EXERCISE INPUT:
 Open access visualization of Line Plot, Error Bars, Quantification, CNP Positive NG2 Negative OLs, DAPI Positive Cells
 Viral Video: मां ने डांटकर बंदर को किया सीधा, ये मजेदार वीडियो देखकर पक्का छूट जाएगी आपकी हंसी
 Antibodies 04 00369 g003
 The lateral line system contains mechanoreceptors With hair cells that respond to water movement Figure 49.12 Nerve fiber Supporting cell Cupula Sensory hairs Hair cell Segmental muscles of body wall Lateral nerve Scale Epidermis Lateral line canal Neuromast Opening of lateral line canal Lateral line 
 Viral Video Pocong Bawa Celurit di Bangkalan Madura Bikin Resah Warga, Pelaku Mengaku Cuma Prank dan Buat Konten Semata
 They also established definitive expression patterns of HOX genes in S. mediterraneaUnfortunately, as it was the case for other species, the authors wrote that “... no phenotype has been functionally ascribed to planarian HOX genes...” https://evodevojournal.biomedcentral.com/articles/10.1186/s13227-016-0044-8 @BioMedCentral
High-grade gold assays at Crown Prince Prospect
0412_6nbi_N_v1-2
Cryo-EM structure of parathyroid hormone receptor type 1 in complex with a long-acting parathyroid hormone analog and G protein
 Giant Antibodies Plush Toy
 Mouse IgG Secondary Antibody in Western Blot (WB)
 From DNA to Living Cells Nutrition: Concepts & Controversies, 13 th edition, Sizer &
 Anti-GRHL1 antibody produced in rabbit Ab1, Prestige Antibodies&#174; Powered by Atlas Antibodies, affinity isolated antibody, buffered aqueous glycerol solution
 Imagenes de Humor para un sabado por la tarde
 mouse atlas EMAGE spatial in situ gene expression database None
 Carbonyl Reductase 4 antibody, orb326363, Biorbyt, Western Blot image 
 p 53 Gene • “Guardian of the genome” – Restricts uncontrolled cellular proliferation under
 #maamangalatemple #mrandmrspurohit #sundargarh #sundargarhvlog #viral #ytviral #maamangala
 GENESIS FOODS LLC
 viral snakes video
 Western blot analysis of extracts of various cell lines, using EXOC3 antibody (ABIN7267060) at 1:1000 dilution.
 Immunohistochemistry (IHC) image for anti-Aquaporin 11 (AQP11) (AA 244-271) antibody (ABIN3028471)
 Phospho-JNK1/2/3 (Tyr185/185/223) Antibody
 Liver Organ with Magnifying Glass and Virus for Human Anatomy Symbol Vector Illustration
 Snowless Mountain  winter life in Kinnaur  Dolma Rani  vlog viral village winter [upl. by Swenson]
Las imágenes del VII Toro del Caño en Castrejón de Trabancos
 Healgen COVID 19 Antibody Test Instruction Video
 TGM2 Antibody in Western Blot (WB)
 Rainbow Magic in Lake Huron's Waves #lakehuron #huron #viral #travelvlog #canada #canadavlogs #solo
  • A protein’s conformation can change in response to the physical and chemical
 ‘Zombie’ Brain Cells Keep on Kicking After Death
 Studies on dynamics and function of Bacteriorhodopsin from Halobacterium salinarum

INSTRUCTIONS FOR THE TASK: Begin with the first line of the records and reproduce each line as is, ending with the line that holds "Antibodies 04 00369 g003".

EXPECTED OUTPUT:
 Open access visualization of Line Plot, Error Bars, Quantification, CNP Positive NG2 Negative OLs, DAPI Positive Cells
 Viral Video: मां ने डांटकर बंदर को किया सीधा, ये मजेदार वीडियो देखकर पक्का छूट जाएगी आपकी हंसी
 Antibodies 04 00369 g003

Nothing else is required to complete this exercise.